鯨の生息数が増えると寄生虫のアニサキスが増えるとか

 魚の刺身を食べて食中毒になる原因にアニサキスがあるという。個人的な体験だが、生魚を調理していると、白いひも状の虫に出くわすことがあった。おそらく、それがアニサキスなのだろう。6日付けの日本経済新聞の「マーケット商品」のページに、アニサキスによる食中毒に対する不安から、鮮魚店がイワシ、カツオなどの刺身販売を中止したりし、築地市場などにおける卸値が顕著に下がったことが書かれていた。

 アニサキスは魚を刺身で食べると、人の胃壁や腸壁に入り、食中毒を起こすことがある。加熱や冷凍すれば死滅する。この生で食べたために食中毒になった被害者が近年、増えている背景には、鯨の増加があるという。

 即ち、アニサキスは鯨やイルカなど海産哺乳類の胃の中で成長し、産卵する。それが鯨などの糞と一緒に放出されると、オキアミを経由してアジ、イワシなどの魚が取り込む。そこで幼虫になる。かくして、鯨が増えると、アニサキスも増えるという説明だ。

 捕鯨をめぐっては、日本のような捕鯨国は国際的に孤立し、したがって、全世界における鯨の生息数は増え続けている。そうした捕鯨の制限がアニサキスの増加、そして生魚の食中毒増につながっているとは、自然の営みの不思議なことよ。
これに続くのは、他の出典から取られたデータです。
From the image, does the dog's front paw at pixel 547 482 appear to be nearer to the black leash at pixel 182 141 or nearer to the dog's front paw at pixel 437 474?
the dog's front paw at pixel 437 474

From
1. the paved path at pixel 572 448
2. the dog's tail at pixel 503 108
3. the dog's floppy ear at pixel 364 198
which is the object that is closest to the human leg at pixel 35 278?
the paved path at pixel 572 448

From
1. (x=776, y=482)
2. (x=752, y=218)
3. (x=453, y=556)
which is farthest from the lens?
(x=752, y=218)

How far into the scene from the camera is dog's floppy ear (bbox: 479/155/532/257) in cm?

 今週の九州地方における、何日にもわたる猛烈な降雨と災害。その原因を突き詰めると、自然の営みの複雑・精妙さに突き当たるような気がするが、進行しつつある地球温暖化とも深く関わっているように思える。被災地の復旧や支援を急ぐとともに、自然災害をもたらす因果関係の科学的な究明も欠かせない。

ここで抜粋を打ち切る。